Jeu de Studio Zero et Atlus (2024PC)

Ne le niez pas : vous n'aimez plus les J-RPG. D'un côté, Square Enix et ses productions interchangeables, qui pour se renouveler ne trouvent rien de mieux que d'hybrider le genre avec l'action pure, tout en exagérant sur le grind le plus bêtement chronophage et en réussissant mystérieusement à rendre opaques des systèmes pourtant toujours plus simplistes, bouffis d'écrans de tutos incompréhensibles et sclérosés par une écriture infantilisante. De l'autre, Atlus et ses productions plus exigeantes, mais désormais cantonnées à des univers qui vendent de moins en moins de rêve, à des romances écolières interdites aux plus de 16 ans entre lesquelles s'enchaînent de mornes couloirs de bâtiments contemporains à angle droit et affligés d'une génération procédurale répétitive. Entre les deux, des outsiders honnêtes, mais ici pas traduits, là trop passéistes, là encore trop coupants aux entournures pour donner envie aux vieux de reprendre en main un genre qu'ils ont abandonné depuis dix, quinze, vingt ans. La jungle moderne du J-RPG, malgré la réputation de renouveau que certains lui prêtent depuis quelques années, est devenue inhospitalière, cantonnée à un public déjà conquis et réticente à l'idée de vraiment faire des efforts pour ramener dans son giron "les anciens et les nouveaux venus" (ainsi que Final Fantasy XV définissait pourtant récemment sa cible, dans un triste élan de déni de réalité qui lui a valu, comme à tant d'autres, de se vautrer dans les charts sans que ses successeurs n'aient pourtant la présence d'esprit de se remettre en question).

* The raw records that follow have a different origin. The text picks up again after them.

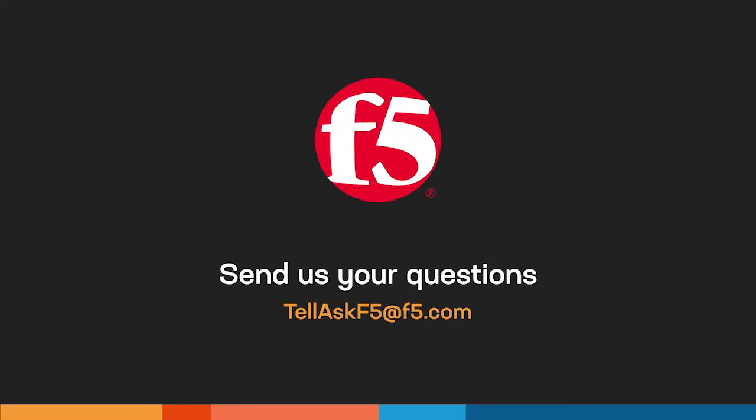And that's it! If you have questions or comments, send us an email or leave a comment below. Thanks for watching!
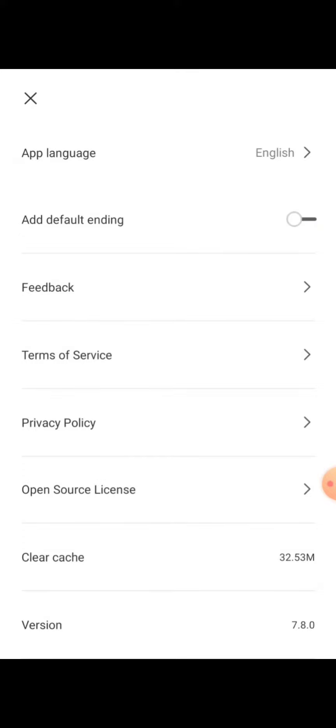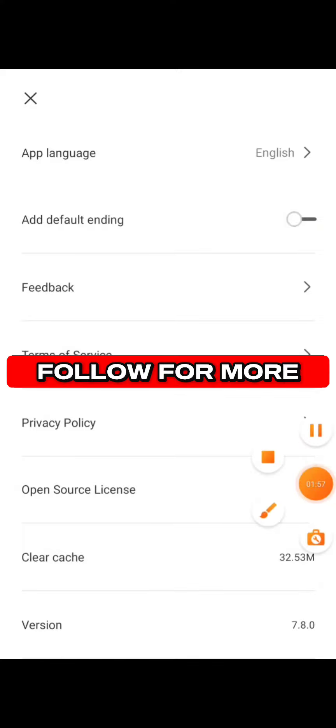to go. Now when you edit your video, you're no longer going to see CapCut's logo at the end. I hope this helps. If you find it helpful, follow for more.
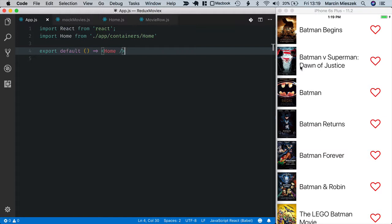A store is an object that holds the whole state tree. When you think about it, it is pretty convenient to have all the application data in one place. It's easier to test and debug your app and easier to understand how your app works.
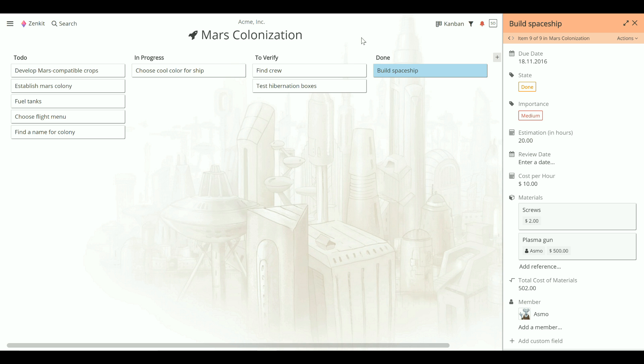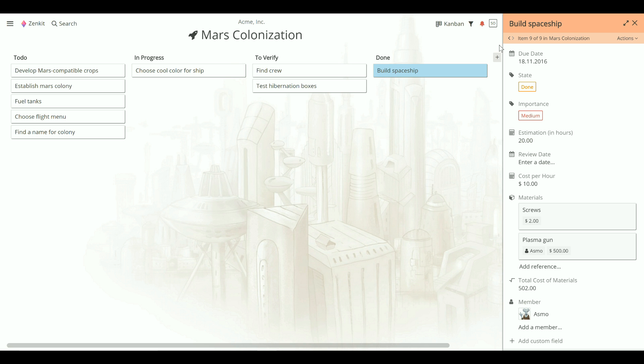In Kanban, List and Calendar view, all items are displayed using badges. The first thing you see on a badge is the item name or title. This is the text that you enter in the primary field of the item.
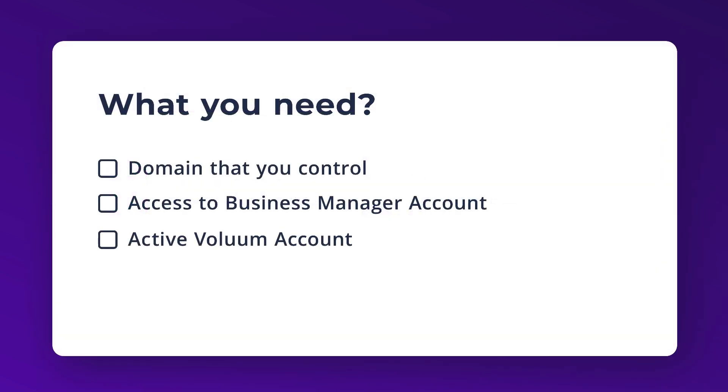What will you need? Access to a domain that you can control. It can be the one you've submitted as a custom domain in Volume or any other domain you have access to. We will use it in postbacks to Facebook to specify what conversions happened on that site. It's required by Facebook. Access to your business manager account and to the Volume panel.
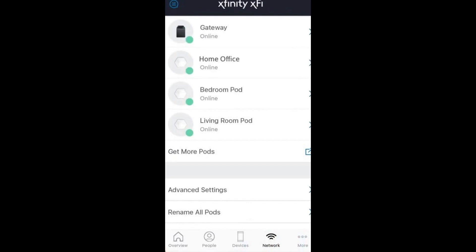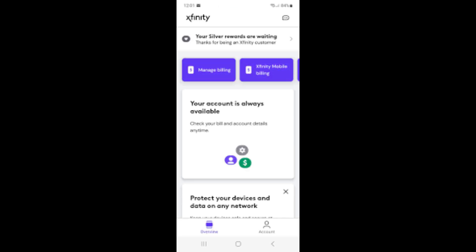Tap on the Connect tab and then Devices. Look for the option to Add a device. Select XFI pods from the list of devices you want to add.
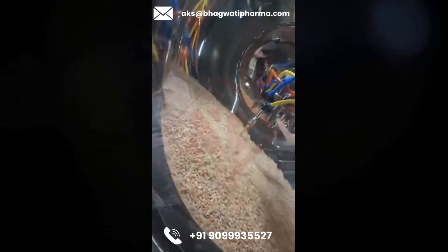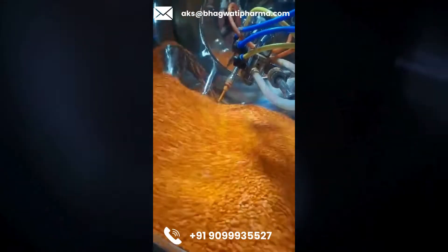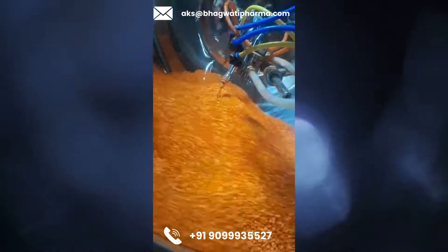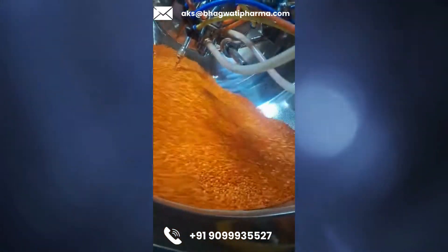Second, Spray System — a mechanism for spraying the coating material onto the tablets as they tumble inside the coating pan. The spray system typically consists of nozzles or spray guns that deliver the coating solution or suspension onto the tablet bed.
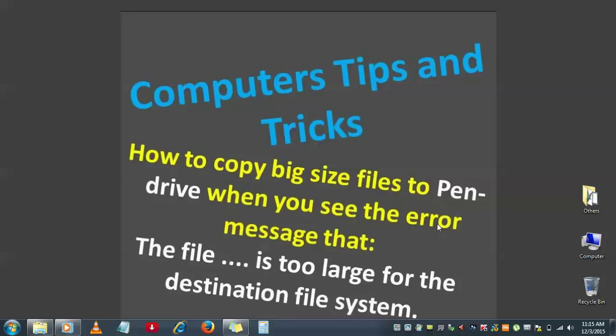Hi guys, welcome to Computer Tips and Tricks. This is Anil back with another tutorial. Today I would like to explain how to copy big size files to a pendrive.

Et puis, pouf, l'air de rien, presque en shadow drop (les connaisseurs qui en suivent la discrète actualité savent juste que le jeu était en gestation depuis 2016), le challenger Atlus sort de son chapeau Metaphor : Refantazio, avec pour seul plan de com une démo jouable de 5 heures permettant de relier ce jeu avec ses aînés indirects. Soit, donc, la série Persona, dont il reprend l'essentiel des systèmes, incluant la notion de temps qui passe et de planification au jour le jour, les archétypes (ou classes, ou jobs...) à faire évoluer, à distribuer et à changer selon les besoins parmi les membres de notre groupe, et la scénarisation bien dense qui tartine du dialogue à tire-larigot sans grand ménagement pour le vétéran de Dragon Quest qui se demande inévitablement ce qu'il fout là après même pas une heure de "jeu". Ce dernier point restera la barrière à l'entrée la plus coûteuse pour quiconque ne goûte guère aux blablas sans fin bien connus des productions Atlus, lesquels n'hésitent pas à régulièrement prendre le pas sur l'interactivité lors d'interminables tunnels narratifs de trente, quarante, soixante minutes qui rendraient barjo n'importe quel joueur venu pour jouer ; le cas de votre serviteur, qui, malgré ses articles à rallonge sur Senscritique, n'est pas le dernier à râler quand on lui demande de lire des mots dans ses jeux.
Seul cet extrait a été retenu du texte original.